International business ventures refer to the transactions of commodities, services, technology, capital, and information across national borders. It involves the exchange of goods and services between two or more countries, utilizing various economic resources such as capital, skills, and people to produce physical goods and services internationally.

The main forms of international business ventures include:

  1. Joint Venture
  2. Franchising
  3. Strategic Alliances

A joint venture is a business arrangement where two or more companies or partners come together to pool their resources and expertise to achieve a specific goal, often in an international context.
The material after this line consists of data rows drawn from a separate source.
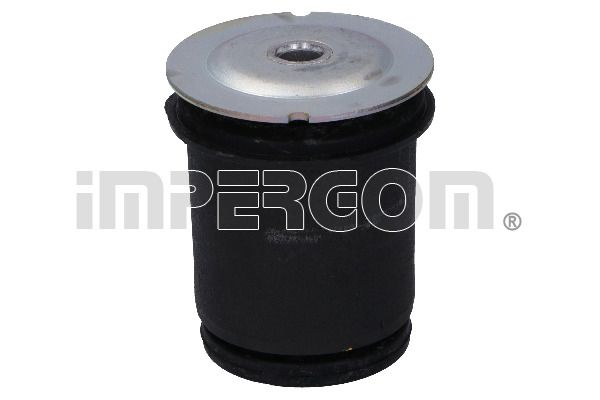 Lagerung, Achskörper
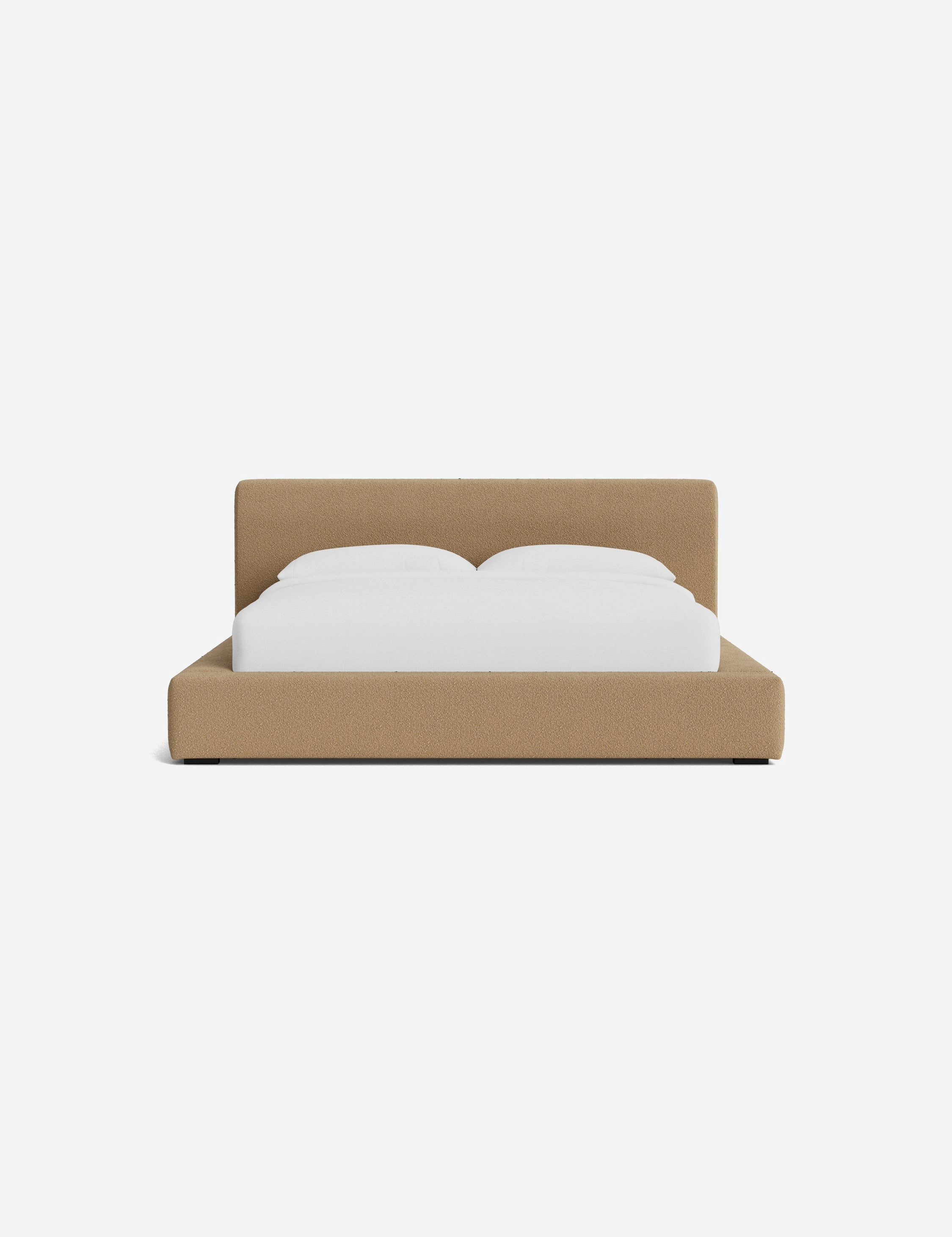 Clayton Platform Bed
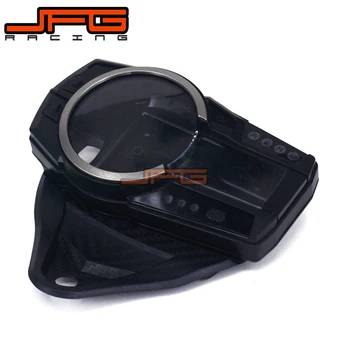

Speedometer Clock Instrument Case Gauges Odometer Tachometer Housing Box Cover For SUZUKI GSXR 600 750 2011-2014 K11 Motorcycle
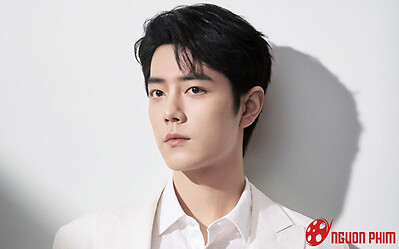 Tiêu Chiến bị 'réo' tên khi 1 bạn diễn nữ lộ ảnh hẹn hò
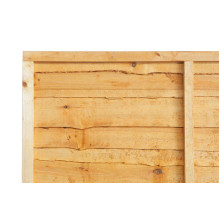 Grange Superior Lap Panel 1.828M x 1.2M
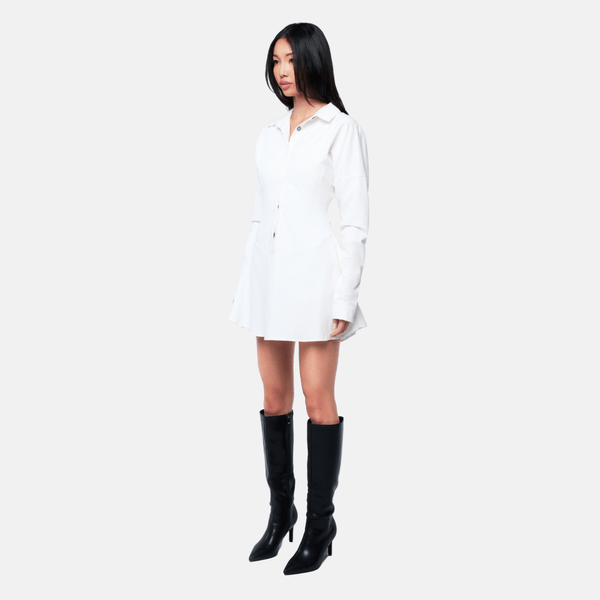 ow collection ELLIE Shirt Dress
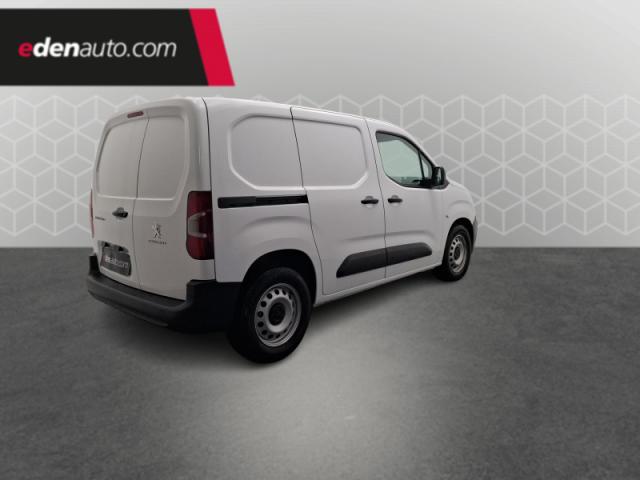 Peugeot Partner image 8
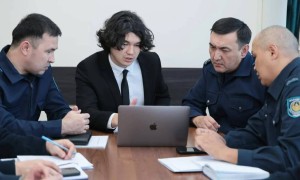 ІІМ қызметке қабылдау процесіне жасанды интеллектіні енгізіп жатыр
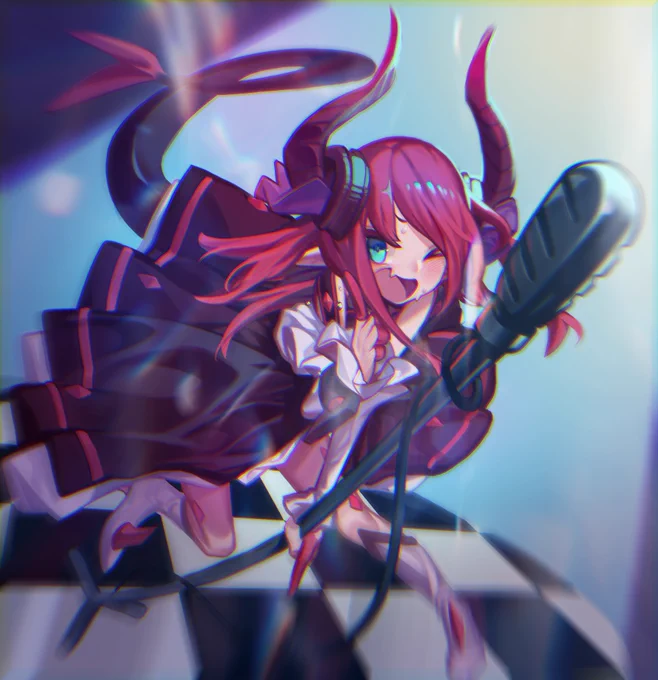 ㅎㅎ 효과 떡칠하는거 재밌네
#fgo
Features of joint ventures

A joint venture (JV) is a business arrangement where two or more companies or individuals collaborate by pooling their resources and expertise to achieve a specific goal for a defined period. Below are the key features of joint ventures:

  1. Agreement: Two or more firms come to a formal agreement to engage in a business for a specific purpose, which binds them to the terms of the agreement.
  2. Joint Control: All parties involved in the joint venture share control over the business operations, administration, and assets.
  3. Pooling of Resources and Expertise: The participating firms combine their capital, workforce, technical knowledge, and expertise to undertake large-scale production or other business operations.
  4. Sharing of Profits and Losses: The partners in a joint venture agree to divide the profits and losses based on a pre-established ratio, typically determined at the end of the venture or annually if it lasts longer.
  5. Access to Advanced Technology: Firms benefit from new technologies, production methods, and business practices, leading to lower costs and better quality.
  6. Dissolution: The agreement ends once the objectives of the joint venture are met, and the assets and accounts are settled accordingly.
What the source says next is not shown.